Newsom and his team have framed the recall as an effort by supporters of former President Donald Trump, and he signed a law earlier this week to speed up the process — a move critics objected to as an attempt to rush an election that already boasts a ream of challengers.
In September, the state’s voters will be asked two questions on the recall ballot. First, do they want to vote “yes” or “no” on recalling Newsom, who was elected in 2018 with nearly 62% of the vote.
The second question is which candidate they would like to replace Newsom. Voters will choose from what is likely to be a very long list of names. By law, Newsom is not permitted to add his name to the ballot as an option.

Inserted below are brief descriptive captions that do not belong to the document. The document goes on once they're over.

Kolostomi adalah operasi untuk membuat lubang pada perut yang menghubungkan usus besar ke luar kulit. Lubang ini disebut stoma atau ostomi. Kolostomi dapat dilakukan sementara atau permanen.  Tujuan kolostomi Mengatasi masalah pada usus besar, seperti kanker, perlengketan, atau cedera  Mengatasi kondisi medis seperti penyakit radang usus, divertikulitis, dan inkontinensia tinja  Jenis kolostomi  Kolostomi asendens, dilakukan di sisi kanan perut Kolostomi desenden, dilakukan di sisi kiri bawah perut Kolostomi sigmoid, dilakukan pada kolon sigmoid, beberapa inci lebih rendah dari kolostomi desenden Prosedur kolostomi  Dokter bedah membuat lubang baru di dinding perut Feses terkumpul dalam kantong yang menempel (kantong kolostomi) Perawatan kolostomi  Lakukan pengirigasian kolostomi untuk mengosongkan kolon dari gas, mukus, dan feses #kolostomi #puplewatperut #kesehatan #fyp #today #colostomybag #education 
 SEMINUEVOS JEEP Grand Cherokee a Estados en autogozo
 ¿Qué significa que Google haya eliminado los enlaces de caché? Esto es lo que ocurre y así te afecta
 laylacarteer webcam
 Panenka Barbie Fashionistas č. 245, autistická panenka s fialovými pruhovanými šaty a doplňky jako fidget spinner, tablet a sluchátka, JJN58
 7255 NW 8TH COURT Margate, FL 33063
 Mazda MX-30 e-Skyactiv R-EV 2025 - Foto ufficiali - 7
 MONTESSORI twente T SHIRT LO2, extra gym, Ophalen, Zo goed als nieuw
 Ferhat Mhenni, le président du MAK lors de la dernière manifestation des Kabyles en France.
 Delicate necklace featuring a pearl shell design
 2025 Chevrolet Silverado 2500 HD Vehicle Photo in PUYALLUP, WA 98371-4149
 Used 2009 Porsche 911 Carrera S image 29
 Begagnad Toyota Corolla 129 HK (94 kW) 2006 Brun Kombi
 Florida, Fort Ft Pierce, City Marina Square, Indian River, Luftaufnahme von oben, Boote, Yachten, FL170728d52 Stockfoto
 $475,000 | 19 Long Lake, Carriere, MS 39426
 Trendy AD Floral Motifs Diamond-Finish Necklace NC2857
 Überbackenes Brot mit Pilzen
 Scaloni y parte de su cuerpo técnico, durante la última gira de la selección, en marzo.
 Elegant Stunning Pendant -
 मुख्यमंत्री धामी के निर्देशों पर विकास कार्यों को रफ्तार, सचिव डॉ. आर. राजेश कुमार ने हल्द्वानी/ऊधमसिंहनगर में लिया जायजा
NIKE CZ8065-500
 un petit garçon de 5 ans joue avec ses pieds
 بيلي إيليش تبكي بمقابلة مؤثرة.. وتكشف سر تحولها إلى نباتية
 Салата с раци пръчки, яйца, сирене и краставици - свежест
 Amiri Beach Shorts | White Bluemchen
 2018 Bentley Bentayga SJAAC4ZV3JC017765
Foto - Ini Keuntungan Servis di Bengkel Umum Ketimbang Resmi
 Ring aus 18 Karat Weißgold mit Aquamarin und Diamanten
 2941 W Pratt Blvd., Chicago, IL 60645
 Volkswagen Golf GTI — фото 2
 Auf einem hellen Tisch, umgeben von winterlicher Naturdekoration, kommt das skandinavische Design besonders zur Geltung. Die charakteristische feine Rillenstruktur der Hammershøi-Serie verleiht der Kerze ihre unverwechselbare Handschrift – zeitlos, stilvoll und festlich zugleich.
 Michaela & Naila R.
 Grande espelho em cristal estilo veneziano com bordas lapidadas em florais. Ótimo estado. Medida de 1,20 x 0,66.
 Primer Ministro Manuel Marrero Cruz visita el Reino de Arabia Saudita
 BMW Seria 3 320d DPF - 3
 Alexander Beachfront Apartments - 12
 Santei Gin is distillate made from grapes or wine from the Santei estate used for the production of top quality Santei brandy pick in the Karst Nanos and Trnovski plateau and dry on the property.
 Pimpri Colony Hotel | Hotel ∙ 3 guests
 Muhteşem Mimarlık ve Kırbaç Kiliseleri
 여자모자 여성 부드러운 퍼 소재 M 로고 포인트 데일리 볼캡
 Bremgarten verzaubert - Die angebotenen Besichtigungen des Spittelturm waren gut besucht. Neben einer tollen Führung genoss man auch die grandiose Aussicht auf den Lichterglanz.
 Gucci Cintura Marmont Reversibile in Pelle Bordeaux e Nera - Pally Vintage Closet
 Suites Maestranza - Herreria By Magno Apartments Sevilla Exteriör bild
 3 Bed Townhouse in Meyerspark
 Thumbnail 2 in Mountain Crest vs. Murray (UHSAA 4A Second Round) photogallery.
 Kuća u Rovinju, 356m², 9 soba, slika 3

When then-California Gov. Gray Davis, a Democrat, was recalled in 2003, more than 125 candidates — including Davis’ eventual replacement, Republican Arnold Schwarzenegger — leapt into the race, creating a circus-like political environment for months.
One immediate challenge facing Newsom will be getting his party affiliation listed on the state’s recall election ballot.
Newsom was supposed to mark his party affiliation in February 2020, pursuant to the state’s recall election law, but “due to an inadvertent but good faith mistake on the part of his election attorney, Newsom timely filed his answer but did not include his party-preference election,” according to a lawsuit he filed against Weber this week.
As a result, Newsom wants to “require all recall ballots to include either next to or below Newsom’s name his party preference as follows: ‘Party Preference: Democratic.'”
This story has been updated with additional information Thursday.